On 7th March 2016 the new regulatory Senior Managers Regime came into force for the UK banking and insurance sectors.
This Blog is a guide to the banking regime (SMR). Many of the same rules are also included in the insurance version of the regime (SIMR) but we concern ourselves here mainly with the SMR.
The SMR replaces the old ‘Approved Persons Regime’ and is the tool now used by the UK regulators – the Prudential Regulation Authority (PRA) and Financial Conduct Authority (FCA) – to assess and approve whether people in key management positions in UK financial firms are ‘Fit and Proper’.
And it reaches far and wide, especially when it starts getting applied to other financial firms (as well as banks and insurance companies) in 2018.
But what does it all really mean and how will it help?
What is it all about?
The SMR has been in the planning and implementation stage for three years. It came out of a 2013 report by the UK Parliamentary Commission for Banking Standards, whose recommendations were made law in the Banking Reform Act 2013. Then a series of consultation papers, policy statements and supervisory statements issued by the regulators in 2014-15 in effect implemented the relevant sections of the new law.
Finally it all went live for banks in March 2016. Next March (2017) the new rules relating to conduct will be extended to all bank staff, even those who do not fall in the Senior Managers Regime. Then there are plans to extend the SMR regime in 2018, to cover investment companies, asset managers and consumer credit firms.
The new regime replaces the old ‘Approved Persons Regime’ or APR, which was previously the mechanism used by financial regulators in the UK to approve key managers and other staff in the firms they regulate. The APR included, among other things, a test for being ‘Fit and Proper’, applied to senior managers in ‘Significant Influence Functions’. This meant company directors, and people responsible for overseeing systems and controls, or for areas like Risk and Compliance. The APR also applied to other so-called ‘Controlled Functions’ including sales personnel and other customer-facing roles. Approved Persons not only had to pass the ‘Fit and Proper’ test but also had to comply with the FCA’s Statements of Principle and Code of Practice.
On the face of it the new SMR is simply a technical regulatory change. A new and different set of hoops to go through to demonstrate regulatory compliance, and help firms keep their regulatory licence. But in reality it goes a lot further. Firms will need not only to organise themselves in a different way and tick some more – or different – regulatory boxes but actually to change their way of thinking and operating, more fundamentally. If firms treat it as a box-ticking exercise they will be caught out. Box-ticking isn’t the intention. The intention is to bring about more fundamental change in behaviour.
The new rules hold individuals at all levels to new standards of conduct, and try to ensure that senior managers are held to account for any misconduct that falls within their area of responsibility. That is the key objective: to increase individual accountability, personal responsibility and transparency about who is responsible for what. As one senior UK Regulator put it, “You can delegate tasks but you can’t delegate responsibility”. Senior managers at banks and insurers are now required to know exactly what they are responsible for and can be held accountable for any failings in their area.
It sounds obvious enough.
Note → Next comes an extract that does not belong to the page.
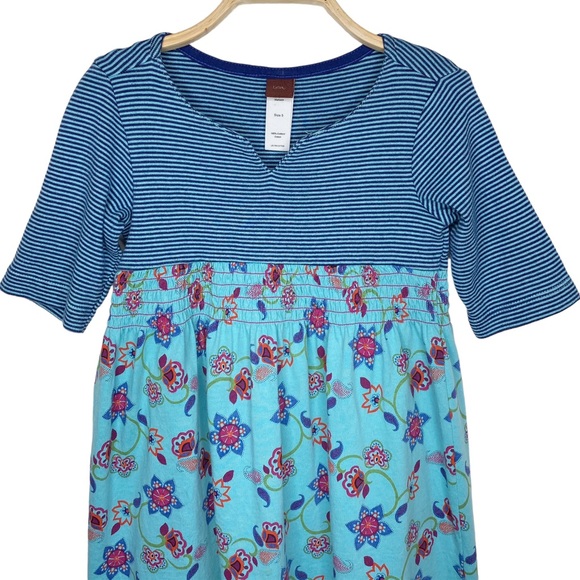 Tea Collection Striped Floral Teal Dress - Picture 3 of 8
But in complex financial organisations with global, regional and legal entity matrix management, a siloed culture and cut-throat internal competition, it isn’t always clear who is responsible for what and why. Too often before, during and after the financial crisis, the senior managers responsible for overseeing teams who broke the rules were able to get off the hook because their accountability wasn’t clear. Clarity creates accountability: that is the regulators’ thinking.
What are the main features of the new regime?
SMR and Certification
In effect there are two levels of ‘approval’ in the new regime: the Senior Managers Regime and the Certification Regime. SMR focuses on people who have key roles and responsibilities in regulated firms, for example the Board of Directors (including Non Executive Directors who hold direct responsibilities), and the other senior individuals who hold significant responsibilities within the firm. Individuals falling under this regime will need pre-approval by the regulators.
The Certification Regime covers staff who do not fall within the SMR, but who can still create risk for a firm or its customers. This includes all the people who were previously Approved Persons under the old regime. The big change is that firms are now required themselves (annually) to assess whether people are Fit and Proper, rather than the regulators doing that assessment. This may beg difficult questions for a firm if it finds evidence of misconduct while performing this job. How to judge whether something is serious enough to need action under the rules? It isn’t yet clear whether firms will over-react in this situation and be too defensive, or go the other way and be too lenient, but eventually it should find a level. In the end consistency is what matters; certainly within a firm. It will be up to the regulators to apply sensible guidance to ensure consistency across firms.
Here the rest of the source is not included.